• [Exercise goal]
Give the records again. Keep them exact and leave out the images.
(Data records begins)
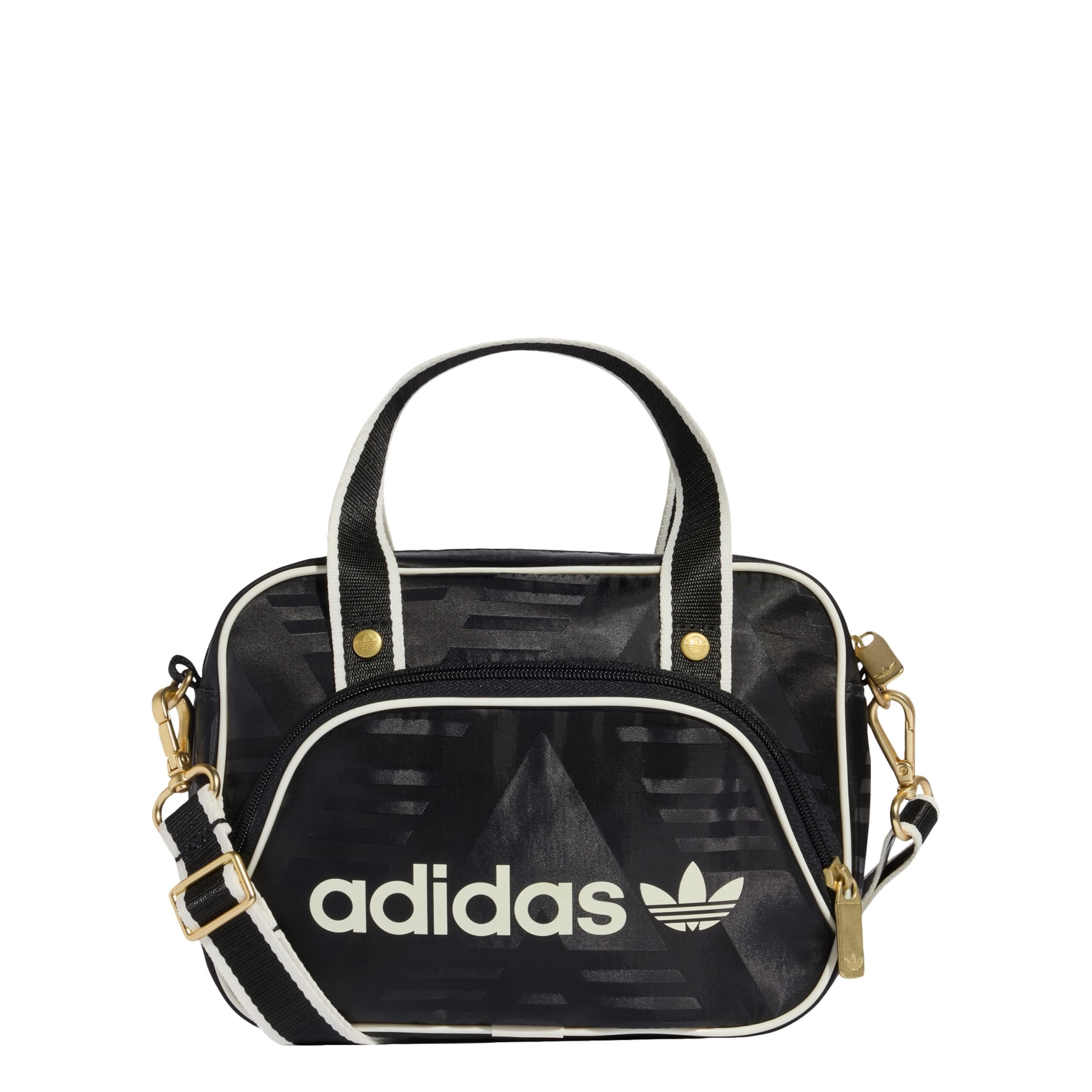 Sacs à main 'Airliner' ADIDAS ORIGINALS en noir : devant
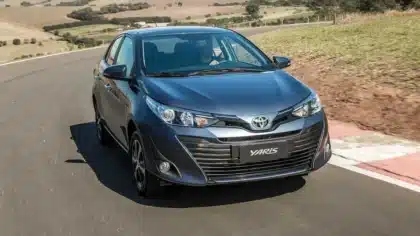 Toyota Yaris 2018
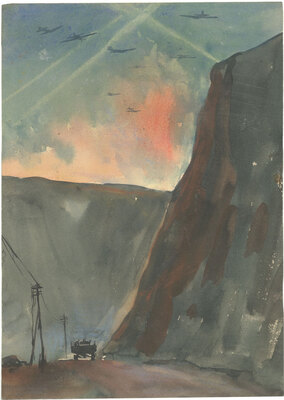 Храпак Георгий Васильевич. Лот из двух работ: 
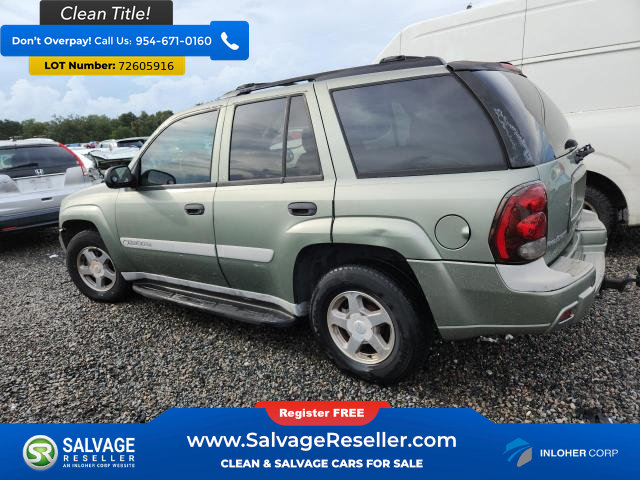 Used 2004 Chevrolet TrailBlazer LS w/ LS Preferred Equipment Group RWD image 3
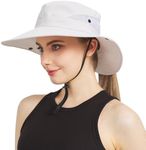 NPJY Ponytail Sun Hat Womens Men 3”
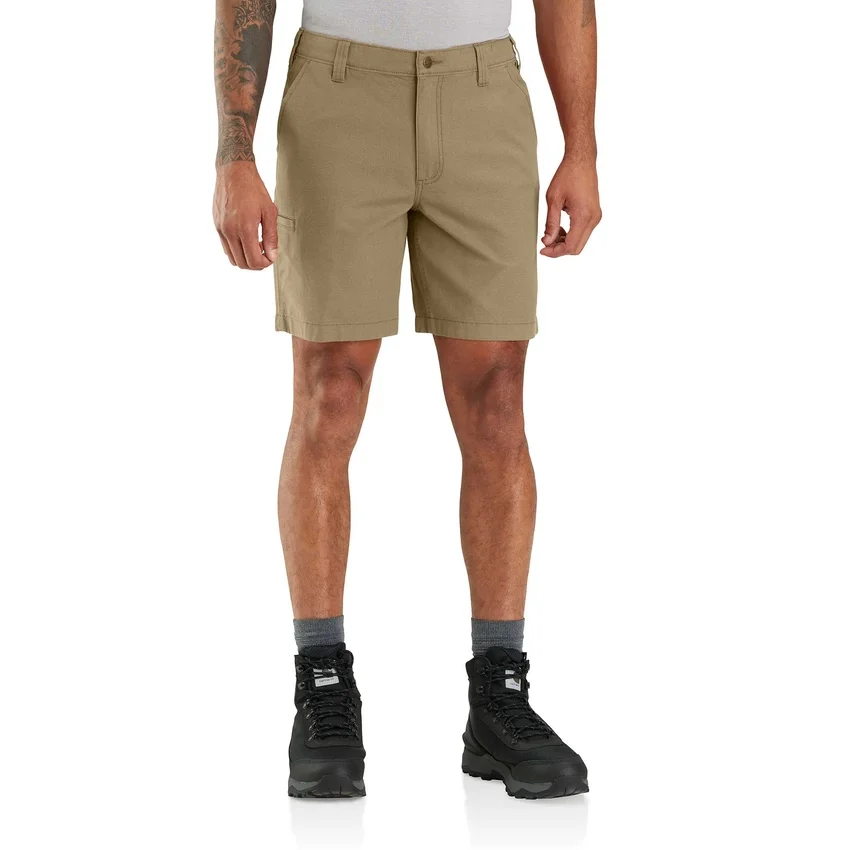 Rigby-Canvas-Shorts in lockerer Passform, 8" – Arbeitsshorts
(Data records ends)
• [Response]
 Sacs à main 'Airliner' ADIDAS ORIGINALS en noir : devant
 Toyota Yaris 2018
 Храпак Георгий Васильевич. Лот из двух работ: 
 Used 2004 Chevrolet TrailBlazer LS w/ LS Preferred Equipment Group RWD image 3
 NPJY Ponytail Sun Hat Womens Men 3”
 Rigby-Canvas-Shorts in lockerer Passform, 8" – Arbeitsshorts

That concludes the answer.